Icons of modern residential architecture
There's no better place to experience what it must have felt like to live in the avantgarde houses of the 1930s than the Schminke House in Löbau in Upper Lusatia in the eastern tip of the country. The organic building, which was designed by Hans Scharoun for a couple who owned a pasta factory, is one of the most famous houses of the modern era. Nicknamed the Noodle Steamer, the masterpiece offers something that other architectural gems often don't: you and your family can check in and stay here during your trip to Germany.

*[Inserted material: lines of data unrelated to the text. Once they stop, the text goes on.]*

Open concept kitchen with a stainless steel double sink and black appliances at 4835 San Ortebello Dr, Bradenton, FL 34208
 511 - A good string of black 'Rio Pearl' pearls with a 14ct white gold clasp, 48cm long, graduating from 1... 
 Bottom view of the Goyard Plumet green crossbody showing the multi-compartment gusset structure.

Other major German cities alongside Berlin and Hamburg also have architectural treats on offer: Düsseldorf is the home of Frank O’Gehry's leaning and curving buildings; Munich has the Allianz Arena by Jacques Herzog and Pierre de Meuron with its brightly lit ETFE-foil air panels on the facade, while Frankfurt am Main boasts Europe's tallest skyscraper, the Commerzbank Tower conceived by Sir Norman Foster. Dresden attracts visitors with its treasure trove of Baroque buildings, including the Zwinger palatial complex, the Gewandhaus – once a cloth hall, now a hotel – and the reconstructed Church of Our Lady.
But watch out! Don't be confused by the name. In Germany alone, there are just under 200 churches dedicated to Mary, so they are also called the Church of Our Lady. Having said this, some of their architecture from the 20th century is interesting. The red sandstone Maria Königin in Saarbrücken, for example, was designed by architect Rudolf Schwarz, one of the most important church builders in West Germany after World War II.